Curitiba - O corpo de um homem que teria sido usado por um grupo de pessoas para fraudar o Seguro Obrigatório de Danos Pessoais Causados por Veículos Automotores de Via Terrestre (DPVAT) foi exumado ontem à tarde, no cemitério do Boqueirão, em Curitiba.
Antonio Souza, que teria 45 anos, foi enterrado como sendo Odilon Lopes, 61, preso pelo Núcleo de Repressão a Crimes Econômicos (Nurce), junto de sua filha, Ana Paula Lopes, 21, e do corretor Cláudio Lopes. Eles seriam os responsáveis pela suposta fraude que rendeu R$ 13 mil.
Souza teria morrido após um acidente de trânsito. Ele teria saído de bicicleta e, na rua Winston Churchill, colidido com outra bicicleta, no dia 8 de agosto de 2006. Entretanto, o médico legista Alexandre Gebran afirmou que encontrou um buraco na parte superior do crânio de Antonio - que seria a marca de um projétil calibre 22.
A exumação foi acompanhada pelo delegado Wagner Holtz Merege Filho, pelo médico legista do Instituto Médico Legal (IML) e pela irmã adotiva da vítima, Joanita Sadak, 64 anos. Ela esteve no local e reconheceu o cadáver como de seu irmão, Souza, por características peculiares da arcada dentária. ''Visitei ele várias vezes no hospital.
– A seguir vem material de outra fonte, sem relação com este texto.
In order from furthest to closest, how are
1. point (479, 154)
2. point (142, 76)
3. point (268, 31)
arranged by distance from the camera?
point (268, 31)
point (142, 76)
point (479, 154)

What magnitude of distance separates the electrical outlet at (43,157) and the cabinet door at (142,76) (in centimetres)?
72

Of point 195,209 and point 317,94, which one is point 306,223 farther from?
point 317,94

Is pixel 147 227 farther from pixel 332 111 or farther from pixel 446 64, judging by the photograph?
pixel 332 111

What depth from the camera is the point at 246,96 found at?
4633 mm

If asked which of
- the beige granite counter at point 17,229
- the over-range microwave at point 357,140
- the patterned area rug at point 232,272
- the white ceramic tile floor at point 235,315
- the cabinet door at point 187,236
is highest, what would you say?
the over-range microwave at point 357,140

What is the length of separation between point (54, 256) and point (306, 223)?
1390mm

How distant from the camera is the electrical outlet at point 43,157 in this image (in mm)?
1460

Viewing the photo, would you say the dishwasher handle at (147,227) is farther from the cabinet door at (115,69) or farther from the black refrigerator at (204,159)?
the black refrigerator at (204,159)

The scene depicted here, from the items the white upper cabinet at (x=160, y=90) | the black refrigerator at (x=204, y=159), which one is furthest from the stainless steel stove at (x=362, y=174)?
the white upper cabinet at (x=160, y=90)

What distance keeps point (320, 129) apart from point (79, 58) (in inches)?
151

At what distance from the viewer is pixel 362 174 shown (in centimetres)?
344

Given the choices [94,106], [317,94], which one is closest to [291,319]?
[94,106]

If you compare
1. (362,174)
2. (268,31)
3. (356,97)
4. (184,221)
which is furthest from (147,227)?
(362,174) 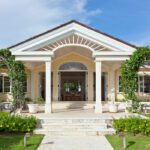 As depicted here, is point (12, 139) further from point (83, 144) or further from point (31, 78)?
point (31, 78)

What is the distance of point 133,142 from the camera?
1073 cm

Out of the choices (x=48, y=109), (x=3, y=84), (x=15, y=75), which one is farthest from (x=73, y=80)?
(x=15, y=75)

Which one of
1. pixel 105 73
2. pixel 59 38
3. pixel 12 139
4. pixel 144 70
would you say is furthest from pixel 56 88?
pixel 12 139

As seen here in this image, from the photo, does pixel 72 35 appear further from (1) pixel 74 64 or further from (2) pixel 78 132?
(2) pixel 78 132

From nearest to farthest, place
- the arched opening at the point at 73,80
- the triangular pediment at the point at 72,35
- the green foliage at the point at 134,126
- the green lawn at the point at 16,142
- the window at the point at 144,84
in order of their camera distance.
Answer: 1. the green lawn at the point at 16,142
2. the green foliage at the point at 134,126
3. the triangular pediment at the point at 72,35
4. the arched opening at the point at 73,80
5. the window at the point at 144,84

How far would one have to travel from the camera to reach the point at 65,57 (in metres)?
→ 22.8

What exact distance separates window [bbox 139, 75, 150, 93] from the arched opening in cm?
480

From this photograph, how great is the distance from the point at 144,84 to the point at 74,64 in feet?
20.7

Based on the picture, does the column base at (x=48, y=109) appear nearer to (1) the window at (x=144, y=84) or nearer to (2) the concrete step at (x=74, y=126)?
(2) the concrete step at (x=74, y=126)

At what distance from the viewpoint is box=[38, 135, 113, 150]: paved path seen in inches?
398

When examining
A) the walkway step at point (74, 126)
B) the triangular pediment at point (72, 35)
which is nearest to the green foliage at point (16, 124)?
the walkway step at point (74, 126)

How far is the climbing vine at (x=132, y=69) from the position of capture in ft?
55.8

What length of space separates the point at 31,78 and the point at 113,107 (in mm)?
8071

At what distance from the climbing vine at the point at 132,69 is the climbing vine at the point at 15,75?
257 inches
Depois quando fui de novo (na última vez) disseram que tinha sido enterrado como indigente. Ele estava de bicicleta'', contou Joanita.
Souza teria sido enterrado no início de junho de 2007, depois de dez meses internado no Hospital do Trabalhador. Embora a polícia confirme que o túmulo 59, da quadra 148, na rua 62 do cemitério do Boqueirão, é o local onde Souza está enterrado, a confirmação só deve aparecer entre 30 e 60 dias depois do confronto do material genético de Souza e de um familiar legítimo. ''Apenas o exame de DNA, comprovará que o corpo exumado é realmente de Souza. O material genético foi fornecido por uma irmã legítima dele'', explicou Merege.
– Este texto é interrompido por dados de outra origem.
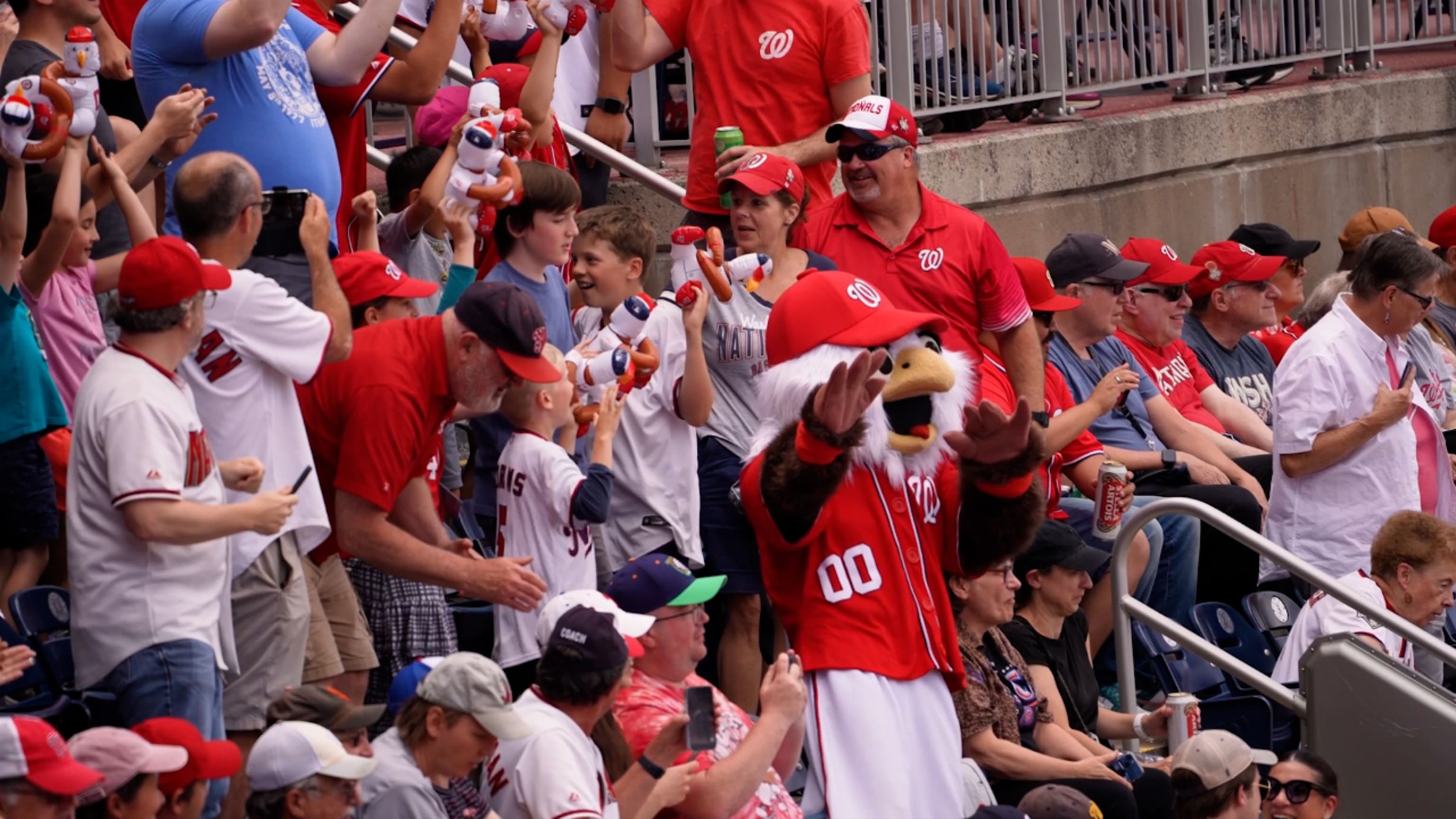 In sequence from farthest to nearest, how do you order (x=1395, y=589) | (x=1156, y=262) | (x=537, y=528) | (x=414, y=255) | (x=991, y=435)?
(x=1156, y=262), (x=1395, y=589), (x=414, y=255), (x=537, y=528), (x=991, y=435)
Enquanto o resultado do exame de DNA não fica pronto, a polícia continua a análise dos cerca de mil laudos que o IML forneceu, emitidos entre os anos de 2005 e 2008, que estão sendo investigados por suspeita de serem falsos, como o laudo de Odilon Lopes.
Odilon teria tido o auxílio de João Cavalli, papiloscopista que trabalha no IML, para identificação dos cadáveres que chegavam no órgão. Cavalli é ex-funcionário do IML, preso em abril, acusado de participar da venda do corpo de um indigente para que um homem aplicasse um golpe de um milhão e meio de dólares em uma seguradora norte-americana.
A Secretaria de Estado da Saúde (SESA) informou que, no dia 8 de agosto de 2006, Souza foi levado pelo Siate até o Hospital do Trabalhador, onde permaneceu internado. Segundo a SESA, o Siate levou Souza para o hospital como vítima de colisão entre duas bicletas, com traumatismo crâniano encefálico. Ele teria passado por uma cirurgia craniana.